Nicolas will contact Aaike De Wever to check whether the taxonomy of FADA can be made available as well. Ideally the format would be DwCA.

We want to compare performance of BiOnym against Tony Rees' Taxamatch and VLIZ Taxon Matcher; we might also compare with Dima's tools.

We need a user-friendly interface before we can ask third parties to try and use our taxon name matching tools. Defining this interface will be one of the priorities for the near future. There should be a dual interface, separating functionality for naive from that meant for more sofisticated users.

The interface can take the format of a separate VREVirtual Research Environment.. There were already plans to create a 'Biodiversity Lab'; BiOnym will be added.

The interface developed by Casey at FIN is now only available locally.

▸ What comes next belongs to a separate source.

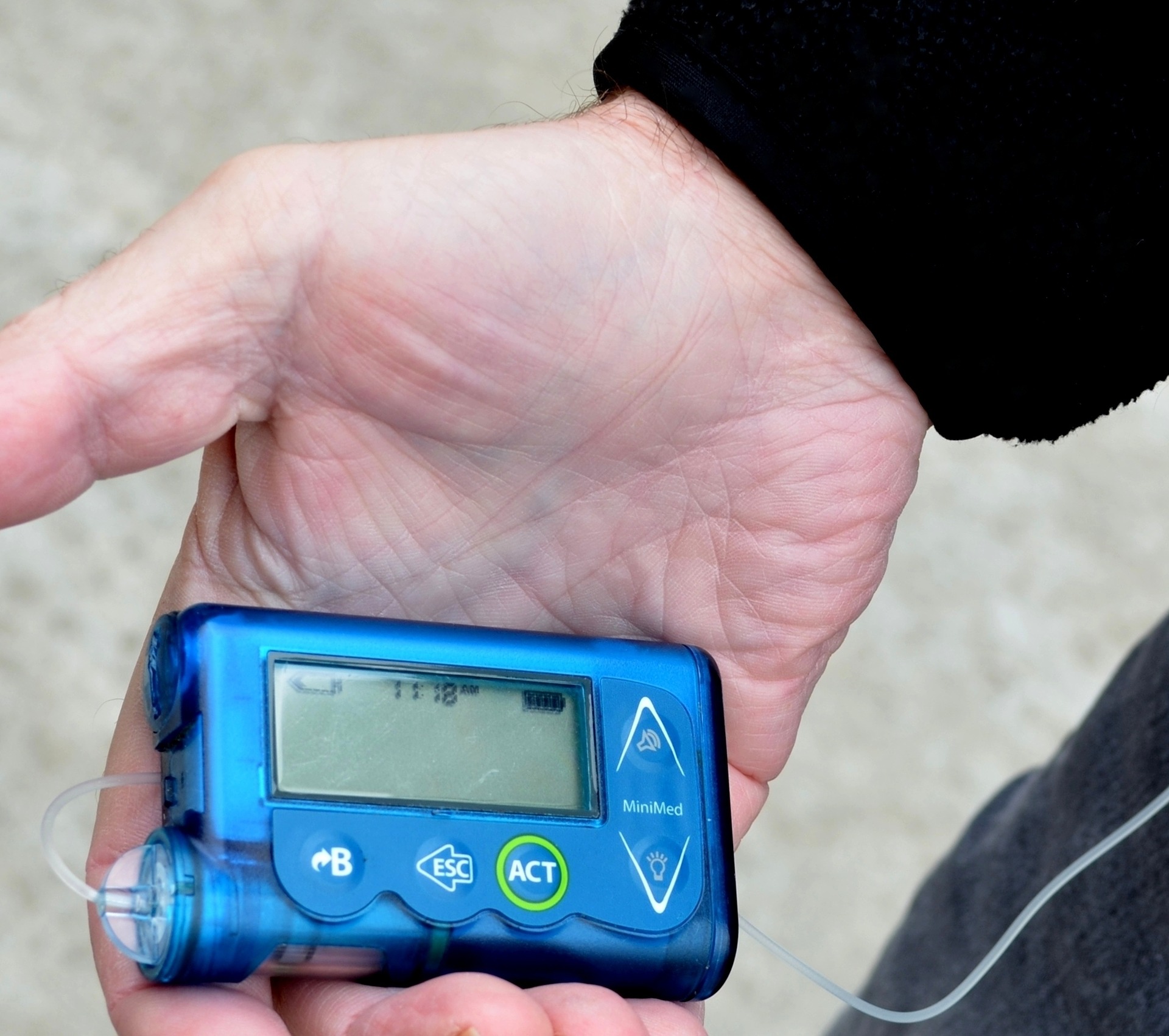 HALMED poziva na zamjenu MiniMed inzulinskih pumpa serije 600 s prozirnim prstenom za učvršćivanje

Casey will work with iMarine staff (Angela, Maximiliano) to bring her work to the infrastructure; as there are some differences in the algorithms there could be some complications in establishing this integration. There are web pages on the Wiki to explain how to build a user interface, and how to use the interface of the statistical manager.

The statistical manager now has tools to upload lists of names to be tested. The tools to upload Taxonomic Authority Files in DwCA format are still to be built. Customisations of the character substitutions to be used in the comparisons, and the rules for pre-processing data cleaning, still has to be created. Fabio documented the XML format that is used by YASMEEN on http://wiki.i-marine.eu/index.php/YASMEEN_input_data_parser#Pre-parsing_rules; an interface will be created to edit these transformations and create the corresponding XML file on the fly.

Next meeting

Monday 9 December 2013, 11 am.